Tuesday, 7 September 2021

8 September: Only Fools and Horses

40 years ago in 1981, Only Fools and Horses first appeared on TV. 10 things you might not know about the show:

  1. Although it's consistently voted as one of Britain's favourite sitcoms, and the final episode, Time On Our Hands, was watched by 24.3 million viewers in 1996, the first series was actually a bit of a flop. The only reason any more were made at all is because the BBC at the time had a policy of making two series of anything. Perhaps they knew some things were slow burners.
  2. The show ran for 7 seasons and there are 64 episodes in total. They were all written by John Sullivan.
  3. So what's it about? The central characters are two brothers, Del and Rodney, who live in a council flat. Del has been looking after his much younger brother Rodney since their mother died and their father left. The pair are market traders in Peckham, South London, selling dodgy goods from a suitcase and dreaming of becoming millionaires, which they finally do at the end of the final series.
  4. John Sullivan is also the writer of the 1970s sitcom Citizen Smith. His initial idea for is next show was a sitcom about Football, but the BBC weren't interested. After that he came up with the idea of a cockney market trader in 1980s London, which was accepted.
  5. It was almost called Readies, which is slang for cash and especially £50 notes. However, the title eventually used came from a phrase, “only fools and Horses work for a living”, which fitted in nicely with Del's lifestyle.
  6. It's John Sullivan who sings the opening credits, not Nicholas Lyndhurst, the actor who plays Rodney, as many believe. On the subject of the theme song, the first series had a different one, a saxophone theme produced by Ronnie Hazlehurst.
  7. The block of flats used as Nelson Mandela House is not in Peckham. It's not even in London. It's actually in Bristol.
  8. Trigger's real name is Colin Ball.
  9. Del's eventual partner, Raquel, was only meant to appear once, in a Christmas special called Dates, in which Del signs up to a Dating Agency under the pseudonym Derek Duvel, and is set up on a date with actress Raquel Turner played by Tessa Peake-Jones. However, after a year she appeared again, and became a regular character.
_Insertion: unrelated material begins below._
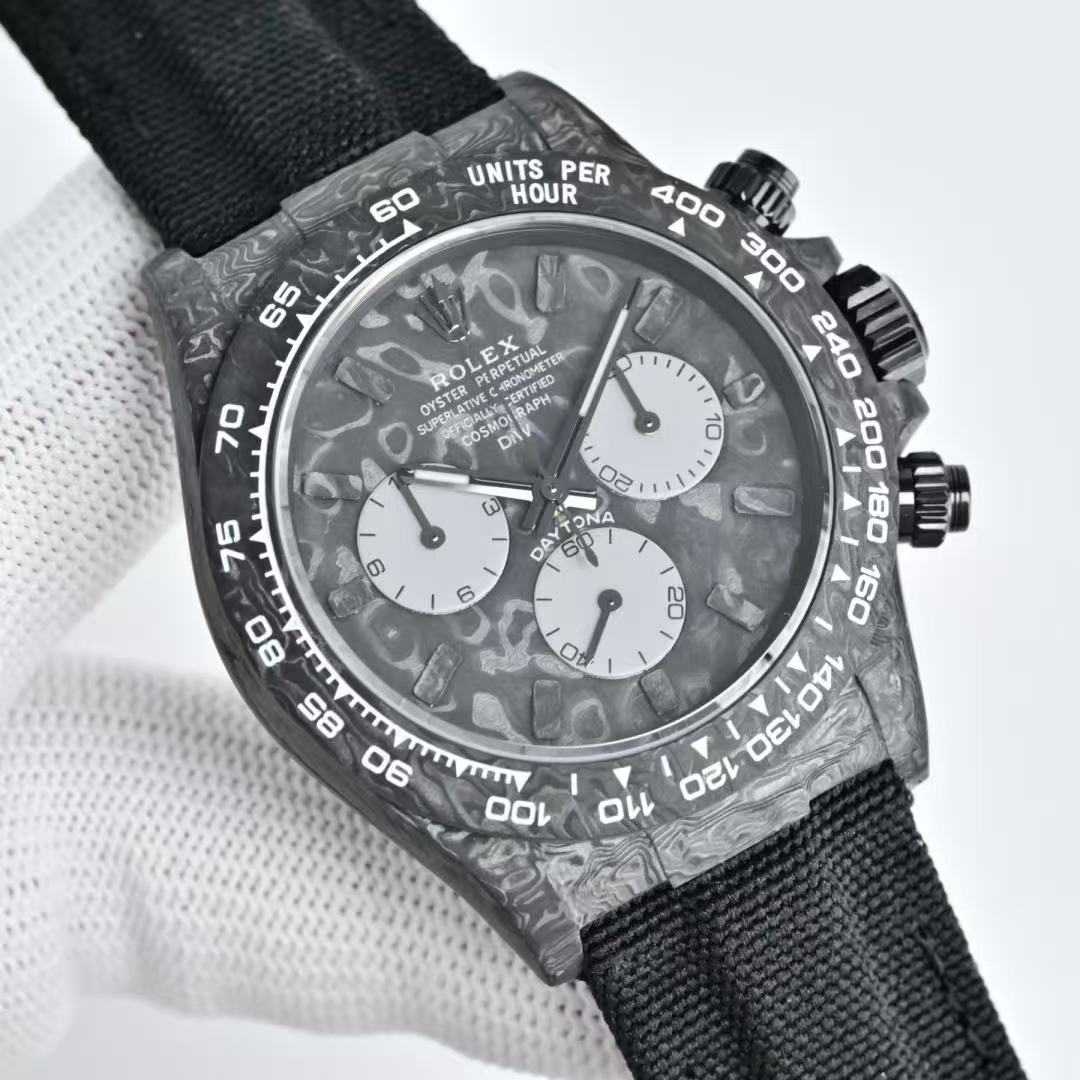 Daytona-Carbon Fiber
It wasn't the first time Tessa Peake-Jones had appeared on the show. In the very first episode, she is an extra in the Nag's Head, and is the first person Del greets when he walks in.
  10. Only Fools and Horses is so iconically British that it featured in Danny Boyle’s Closing Ceremony for the 2012 Olympic Games. A Yellow Reliant Regal van and two characters dressed as Batman and Robin appeared on the stage in reference to the episode Heroes and Villains.